All is right in the world. My world, at least.

I've turned over a new leaf and taken an active role in my life and my happiness. No more waiting around for good shit to happen through all of the bad that's been happening. I've finally learned to accept the things I can't change and take on the challenge of fixing the things I can. My school life, for example, has not been this good since the 8th grade.

I turn in all of my assignments.
I spend time in the campus library on my days off.
I regularly make trips to the success center.
I participate in all of my lectures and throw out my "Jesus is really just a cosmic Santa Claus" analogies.
I enjoy every minute of it.

Things at work are great, too. People are constantly giving me a look of disbelief when I tell them my workload. I used to enjoy that reaction, but now it just annoys me a little bit. Am I that underestimated? Or are people just naive to the fact that some people will rise to the occasion and genuinely just DO what they need to do to get by?
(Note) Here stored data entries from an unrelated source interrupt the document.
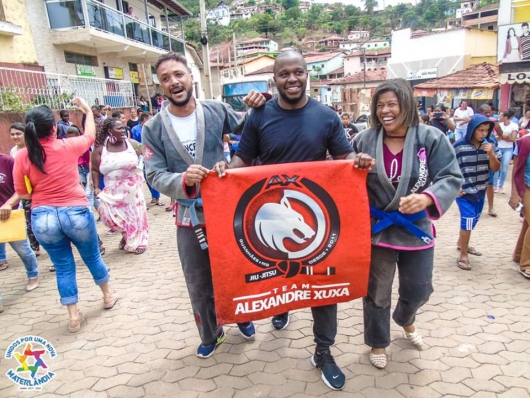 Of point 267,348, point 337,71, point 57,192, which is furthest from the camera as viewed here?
point 337,71

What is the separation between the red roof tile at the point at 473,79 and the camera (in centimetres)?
1642

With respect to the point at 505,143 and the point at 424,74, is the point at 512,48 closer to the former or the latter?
the point at 505,143

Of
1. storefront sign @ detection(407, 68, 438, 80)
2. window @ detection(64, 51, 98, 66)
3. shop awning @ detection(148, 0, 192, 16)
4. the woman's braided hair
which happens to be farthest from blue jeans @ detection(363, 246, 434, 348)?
storefront sign @ detection(407, 68, 438, 80)

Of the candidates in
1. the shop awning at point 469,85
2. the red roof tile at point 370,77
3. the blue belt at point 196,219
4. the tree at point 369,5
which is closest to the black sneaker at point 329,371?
the blue belt at point 196,219

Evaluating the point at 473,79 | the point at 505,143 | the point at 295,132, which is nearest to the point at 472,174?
the point at 295,132

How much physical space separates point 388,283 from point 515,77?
513 inches

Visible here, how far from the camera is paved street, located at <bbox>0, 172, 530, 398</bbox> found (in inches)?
98.3

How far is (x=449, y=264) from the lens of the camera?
174 inches

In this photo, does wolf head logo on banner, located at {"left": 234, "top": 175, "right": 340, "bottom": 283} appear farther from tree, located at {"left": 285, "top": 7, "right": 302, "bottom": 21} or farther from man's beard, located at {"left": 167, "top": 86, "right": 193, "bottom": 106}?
tree, located at {"left": 285, "top": 7, "right": 302, "bottom": 21}

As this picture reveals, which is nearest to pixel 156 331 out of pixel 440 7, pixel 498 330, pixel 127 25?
pixel 498 330

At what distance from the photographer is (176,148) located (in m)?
2.52

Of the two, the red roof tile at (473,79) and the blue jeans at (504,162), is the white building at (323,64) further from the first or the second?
the blue jeans at (504,162)

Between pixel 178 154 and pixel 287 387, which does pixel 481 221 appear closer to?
A: pixel 287 387

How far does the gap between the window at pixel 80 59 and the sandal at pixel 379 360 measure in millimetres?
14822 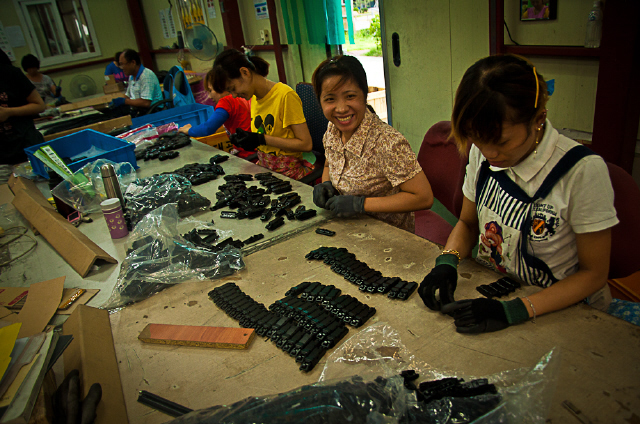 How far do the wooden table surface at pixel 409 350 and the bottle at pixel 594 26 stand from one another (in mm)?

Whatever it is, I don't worry my head about it too much.

I've taken on the "Creator" role instead of the "Victim" role that we learned about in class. Creators believe that they are responsible for creating their own happiness. Victims will sit around and wait for other people to make them happy. Or worse, they'll allow outside forces to make them unhappy. Here's a scenario that the book used: Hurricane survivors are victims. Bad stuff happened, to say the least, that they couldn't control. Now... they have a choice. They can be a Creator and seek out the tools to rebuild their life, or they can be a Victim and mope around for the rest of their life living off of the help that passersby will give them. Creators are always happier. Victims are always, well, Victims.
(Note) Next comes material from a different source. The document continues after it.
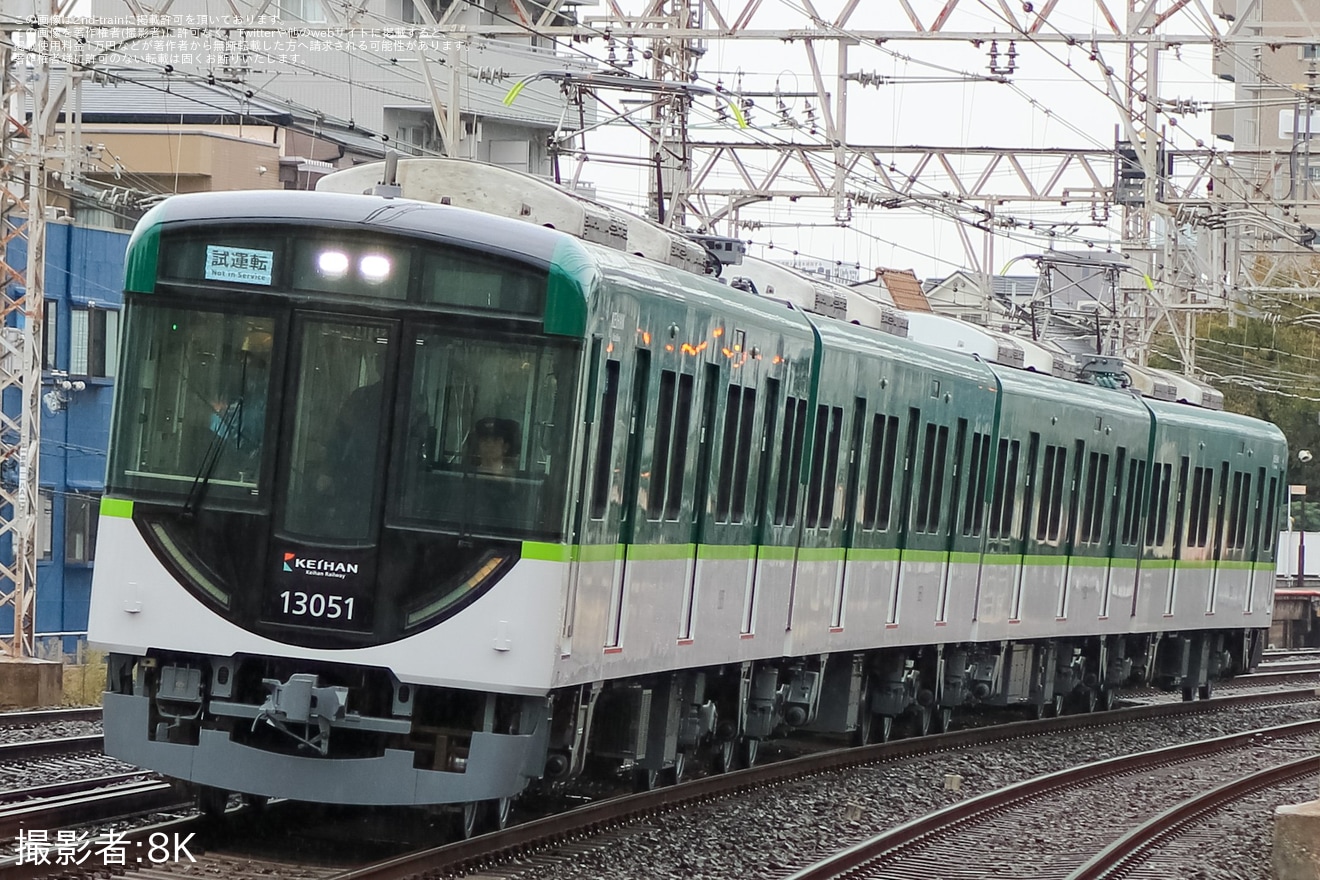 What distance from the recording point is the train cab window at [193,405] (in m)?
10.3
Same thing applies to my old situation. I was constantly crying about how I was working hard at UPS and going to school and I still didn't have the money to pay my bills. Then I'd bitch and moan about how my mom wasn't working and spending too much money on casino or random shiz. My dad couldn't help me because he was trying to help himself while still paying my mom alimony. I saw it as an impossible situation. All I'd do was cry about it and complain to anyone that would listen. Poor me. Then I realized... I'm 21 effing years old! Why am I bitching about how my parents can't help me? Victim. Total victim.

So, the next logical step was to get another job. Or rather, to get my old job back. Now, I'm paying my bills AND I have money left over so that I can start building up my savings account. That's what the Creator role did for me. And I'm much happier.